Given data:
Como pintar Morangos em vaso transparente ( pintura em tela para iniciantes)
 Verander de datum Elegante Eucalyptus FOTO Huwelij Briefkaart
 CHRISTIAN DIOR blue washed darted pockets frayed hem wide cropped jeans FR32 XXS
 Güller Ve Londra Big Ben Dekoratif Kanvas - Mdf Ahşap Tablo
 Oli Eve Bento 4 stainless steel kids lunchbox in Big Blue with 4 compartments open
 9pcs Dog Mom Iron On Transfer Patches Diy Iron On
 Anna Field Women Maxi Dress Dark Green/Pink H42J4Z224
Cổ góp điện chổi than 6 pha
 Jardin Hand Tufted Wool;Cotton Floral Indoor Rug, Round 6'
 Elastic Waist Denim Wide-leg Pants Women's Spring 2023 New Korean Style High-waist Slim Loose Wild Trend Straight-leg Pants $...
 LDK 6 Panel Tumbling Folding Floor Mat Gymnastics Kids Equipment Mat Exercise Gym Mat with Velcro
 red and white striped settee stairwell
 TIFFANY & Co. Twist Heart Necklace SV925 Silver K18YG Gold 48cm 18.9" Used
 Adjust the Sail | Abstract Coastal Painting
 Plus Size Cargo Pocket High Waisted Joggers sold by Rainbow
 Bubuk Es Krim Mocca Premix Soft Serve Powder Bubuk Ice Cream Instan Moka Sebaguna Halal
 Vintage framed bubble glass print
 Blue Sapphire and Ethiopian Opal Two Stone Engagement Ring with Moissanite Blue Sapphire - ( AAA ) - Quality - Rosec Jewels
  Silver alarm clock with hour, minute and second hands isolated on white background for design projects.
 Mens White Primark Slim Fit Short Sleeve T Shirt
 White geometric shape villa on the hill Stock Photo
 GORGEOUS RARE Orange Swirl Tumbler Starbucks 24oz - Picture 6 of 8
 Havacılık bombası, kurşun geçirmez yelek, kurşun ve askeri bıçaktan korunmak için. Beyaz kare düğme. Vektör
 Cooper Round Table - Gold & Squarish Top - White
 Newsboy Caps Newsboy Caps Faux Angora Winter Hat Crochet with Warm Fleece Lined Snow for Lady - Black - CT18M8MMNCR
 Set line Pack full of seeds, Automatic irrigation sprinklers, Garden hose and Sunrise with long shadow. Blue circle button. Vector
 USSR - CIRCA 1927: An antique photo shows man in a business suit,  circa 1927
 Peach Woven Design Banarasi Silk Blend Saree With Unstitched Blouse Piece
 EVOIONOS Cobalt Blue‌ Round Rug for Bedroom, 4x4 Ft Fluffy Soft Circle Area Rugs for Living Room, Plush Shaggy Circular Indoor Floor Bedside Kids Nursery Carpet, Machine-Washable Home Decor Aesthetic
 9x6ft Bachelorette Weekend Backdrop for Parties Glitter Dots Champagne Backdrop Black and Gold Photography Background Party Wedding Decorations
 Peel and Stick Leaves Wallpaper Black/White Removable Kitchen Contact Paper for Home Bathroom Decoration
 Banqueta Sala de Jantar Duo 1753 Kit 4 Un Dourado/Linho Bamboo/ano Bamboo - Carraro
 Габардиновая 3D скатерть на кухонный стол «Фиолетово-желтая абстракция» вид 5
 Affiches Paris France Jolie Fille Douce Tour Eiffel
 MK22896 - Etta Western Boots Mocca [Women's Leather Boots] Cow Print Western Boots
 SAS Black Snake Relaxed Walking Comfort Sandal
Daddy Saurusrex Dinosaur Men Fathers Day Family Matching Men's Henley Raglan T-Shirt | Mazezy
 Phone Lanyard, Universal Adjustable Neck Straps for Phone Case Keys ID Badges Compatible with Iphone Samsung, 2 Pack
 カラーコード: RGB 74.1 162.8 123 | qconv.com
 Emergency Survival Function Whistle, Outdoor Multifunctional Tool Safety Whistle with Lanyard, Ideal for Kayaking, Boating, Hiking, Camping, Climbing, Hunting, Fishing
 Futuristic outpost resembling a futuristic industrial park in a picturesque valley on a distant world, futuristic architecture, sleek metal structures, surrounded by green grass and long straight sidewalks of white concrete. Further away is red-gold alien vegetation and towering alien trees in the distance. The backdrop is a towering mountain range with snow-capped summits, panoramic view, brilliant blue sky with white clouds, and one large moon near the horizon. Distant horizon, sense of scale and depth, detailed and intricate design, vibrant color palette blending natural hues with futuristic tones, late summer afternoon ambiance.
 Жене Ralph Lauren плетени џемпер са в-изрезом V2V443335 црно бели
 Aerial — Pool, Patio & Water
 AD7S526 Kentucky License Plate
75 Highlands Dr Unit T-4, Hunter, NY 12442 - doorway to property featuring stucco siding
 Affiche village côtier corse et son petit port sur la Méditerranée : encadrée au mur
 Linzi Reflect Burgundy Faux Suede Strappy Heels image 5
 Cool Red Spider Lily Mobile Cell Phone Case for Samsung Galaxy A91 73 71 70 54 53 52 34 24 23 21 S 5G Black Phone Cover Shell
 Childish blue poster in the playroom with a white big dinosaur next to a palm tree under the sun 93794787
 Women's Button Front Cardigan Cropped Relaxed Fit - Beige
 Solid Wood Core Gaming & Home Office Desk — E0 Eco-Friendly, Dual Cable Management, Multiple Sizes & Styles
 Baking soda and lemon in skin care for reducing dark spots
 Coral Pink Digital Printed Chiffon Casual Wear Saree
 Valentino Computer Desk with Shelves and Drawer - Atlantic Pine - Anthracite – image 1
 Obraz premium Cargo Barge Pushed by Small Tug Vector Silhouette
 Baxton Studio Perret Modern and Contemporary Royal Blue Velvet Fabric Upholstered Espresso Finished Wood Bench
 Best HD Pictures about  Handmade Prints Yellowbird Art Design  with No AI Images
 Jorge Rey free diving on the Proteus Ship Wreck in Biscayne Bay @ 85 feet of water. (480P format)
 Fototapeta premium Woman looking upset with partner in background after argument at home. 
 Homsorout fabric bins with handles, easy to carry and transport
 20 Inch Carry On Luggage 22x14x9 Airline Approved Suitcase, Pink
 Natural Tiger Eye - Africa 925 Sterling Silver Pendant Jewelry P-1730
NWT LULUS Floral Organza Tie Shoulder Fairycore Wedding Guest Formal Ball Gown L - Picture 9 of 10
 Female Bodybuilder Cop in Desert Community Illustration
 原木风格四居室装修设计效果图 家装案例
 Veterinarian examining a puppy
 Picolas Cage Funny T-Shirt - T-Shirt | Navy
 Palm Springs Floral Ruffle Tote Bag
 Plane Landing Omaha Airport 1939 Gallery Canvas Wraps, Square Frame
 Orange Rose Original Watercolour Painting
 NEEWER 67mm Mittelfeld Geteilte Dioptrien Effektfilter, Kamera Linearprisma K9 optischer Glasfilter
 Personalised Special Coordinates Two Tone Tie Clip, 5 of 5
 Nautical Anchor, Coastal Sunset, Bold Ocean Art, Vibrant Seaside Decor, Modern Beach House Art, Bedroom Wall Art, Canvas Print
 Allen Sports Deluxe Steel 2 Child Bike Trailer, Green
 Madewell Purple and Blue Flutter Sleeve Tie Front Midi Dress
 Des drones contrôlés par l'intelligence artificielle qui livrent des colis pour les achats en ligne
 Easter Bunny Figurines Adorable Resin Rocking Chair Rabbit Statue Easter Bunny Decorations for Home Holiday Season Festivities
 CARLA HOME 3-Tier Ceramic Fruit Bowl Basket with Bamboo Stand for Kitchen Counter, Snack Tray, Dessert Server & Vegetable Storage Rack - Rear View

Task details:
What lines hold the string "Soft"? Pick them out of the data.

Answer to this task:
 Bubuk Es Krim Mocca Premix Soft Serve Powder Bubuk Ice Cream Instan Moka Sebaguna Halal
 EVOIONOS Cobalt Blue‌ Round Rug for Bedroom, 4x4 Ft Fluffy Soft Circle Area Rugs for Living Room, Plush Shaggy Circular Indoor Floor Bedside Kids Nursery Carpet, Machine-Washable Home Decor Aesthetic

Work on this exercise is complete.